2025年11月、世界が注目した政府効率化の"社会実験"に激震が走りました。トランプ米大統領とイーロン・マスク氏が鳴り物入りで立ち上げた「政府効率化省(DOGE)」が、予定より8ヶ月早く事実上の解散──。一方、その失敗を横目に日本では本日11月25日、「日本版DOGE」がスタート。果たして日本は成功するのか?そして仮想通貨(暗号資産)業界にどんな影響があるのか?徹底解説します!
本記事で分かること
- 米DOGE省が予定より8ヶ月早く解散した真相
- 日本版DOGEの正体と仮想通貨業界への影響
- DOGEコインとの違い&混同を防ぐ基礎知識

米DOGE省が予定より8ヶ月前倒しで解散──イーロン・マスクのチェーンソーが止まった日

「もう存在しない」政権当局者が明言
2025年11月23日、ロイター通信が衝撃的なスクープを報じました。米人事管理局(OPM)のスコット・クポア局長が「DOGE?もう存在しない(That doesn't exist)」と明言したのです。
政府効率化省(Department of Government Efficiency, DOGE)は、2025年1月20日のトランプ大統領就任と同時に大統領令(Executive Order 14158)により設立されました。
当初の計画では2026年7月4日(米独立記念日)まで18ヶ月間活動する予定でしたが、実際には設立から約10ヶ月後の2025年11月に事実上解散──予定より8ヶ月前倒しでの終了となりました。
華々しいスタート、しかし実態は...
DOGEの象徴的な場面といえば、2025年2月20日にメリーランド州で開催された保守政治活動会議(CPAC)でのイーロン・マスク氏の演説でしょう。
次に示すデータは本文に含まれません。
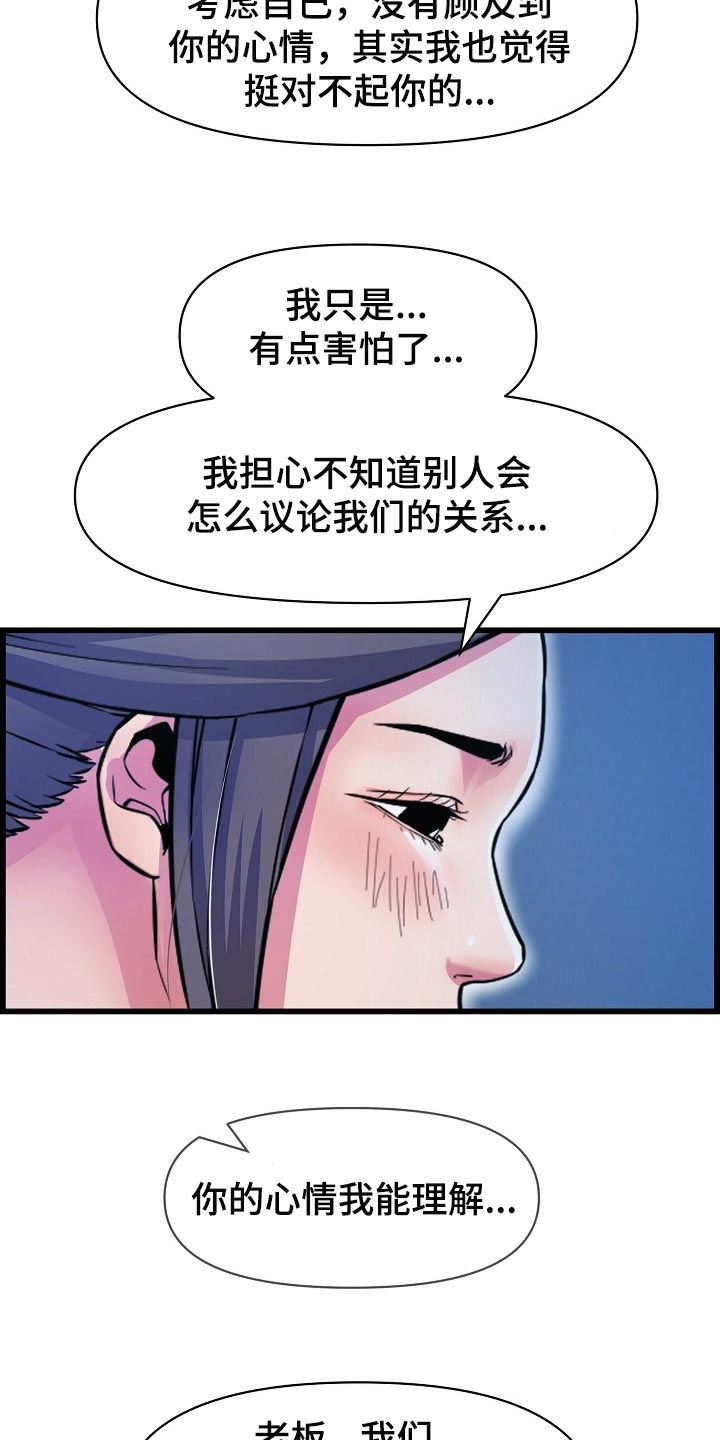 《心灵自习室》第64章突如其来的短信 第10页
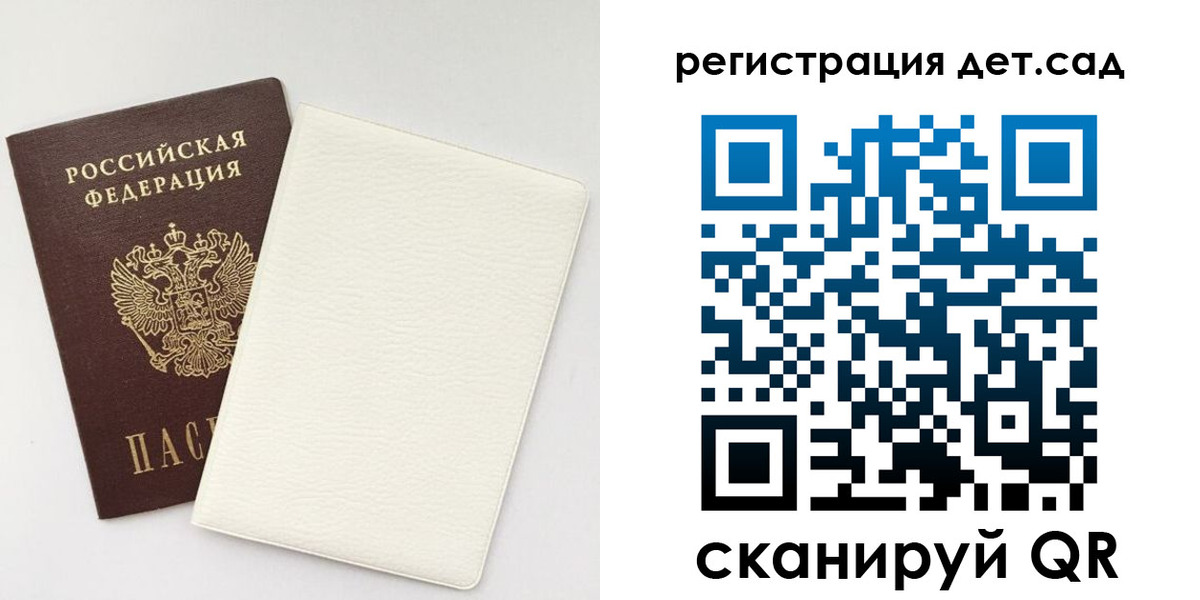 временная регистрация собственник в Чебаркуле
ロイター通信の報道によると、マスク氏は巨大なチェーンソーを頭上に掲げて叫びました──
「これが官僚主義を切り裂くチェーンソーだ!(This is the chainsaw for bureaucracy!)」
この派手なパフォーマンスは、DOGEの「政府のムダを大胆に削減する」というメッセージを象徴するものでした。しかし、この演出とは裏腹に、DOGEの実態は曖昧なものだったのです。
DOGEの問題点:
| 項目 | 詳細 |
|---|---|
| 法的地位 | 正式な省庁ではなく、大統領令による臨時組織 |
| 削減成果の主張 | 「数百億ドル削減」と主張 |
| 検証可能性 | ロイター報道:「外部の財務専門家が検証不可能」 |
| 透明性の欠如 | 詳細な会計報告を公開せず |
ロイター通信は記事の中で、「DOGEは数百億ドルの支出削減を主張したが、詳細な会計報告を提供しなかったため、外部の財務専門家がその成果を検証することは不可能だった」と指摘しています。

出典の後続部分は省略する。